Excerpts from a dataset
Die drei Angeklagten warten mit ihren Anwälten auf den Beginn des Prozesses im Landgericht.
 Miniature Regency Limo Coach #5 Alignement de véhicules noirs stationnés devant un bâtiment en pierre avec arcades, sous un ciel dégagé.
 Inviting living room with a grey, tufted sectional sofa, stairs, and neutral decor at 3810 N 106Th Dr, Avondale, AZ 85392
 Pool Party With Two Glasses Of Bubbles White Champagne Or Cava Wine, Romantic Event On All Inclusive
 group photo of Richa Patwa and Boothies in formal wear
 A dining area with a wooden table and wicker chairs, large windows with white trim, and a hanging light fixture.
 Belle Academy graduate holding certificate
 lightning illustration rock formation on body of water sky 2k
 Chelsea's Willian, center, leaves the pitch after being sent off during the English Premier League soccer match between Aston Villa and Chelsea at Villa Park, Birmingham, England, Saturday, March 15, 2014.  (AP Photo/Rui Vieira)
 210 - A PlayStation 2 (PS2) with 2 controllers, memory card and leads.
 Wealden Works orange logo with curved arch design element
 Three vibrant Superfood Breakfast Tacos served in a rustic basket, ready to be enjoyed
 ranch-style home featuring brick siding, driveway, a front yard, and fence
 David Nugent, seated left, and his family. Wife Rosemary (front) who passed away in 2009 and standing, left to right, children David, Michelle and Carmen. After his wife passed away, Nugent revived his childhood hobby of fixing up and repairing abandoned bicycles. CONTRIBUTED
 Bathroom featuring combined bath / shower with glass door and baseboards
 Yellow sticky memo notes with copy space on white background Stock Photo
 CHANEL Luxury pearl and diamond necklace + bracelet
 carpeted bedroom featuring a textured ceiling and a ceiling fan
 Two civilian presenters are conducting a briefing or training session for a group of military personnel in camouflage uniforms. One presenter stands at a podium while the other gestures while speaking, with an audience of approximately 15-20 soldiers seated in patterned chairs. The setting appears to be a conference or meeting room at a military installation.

=== About this task ===
Every line above that includes the string "front" needs to be copied.

=== Reply to the exercise ===
 ranch-style home featuring brick siding, driveway, a front yard, and fence
 David Nugent, seated left, and his family. Wife Rosemary (front) who passed away in 2009 and standing, left to right, children David, Michelle and Carmen. After his wife passed away, Nugent revived his childhood hobby of fixing up and repairing abandoned bicycles. CONTRIBUTED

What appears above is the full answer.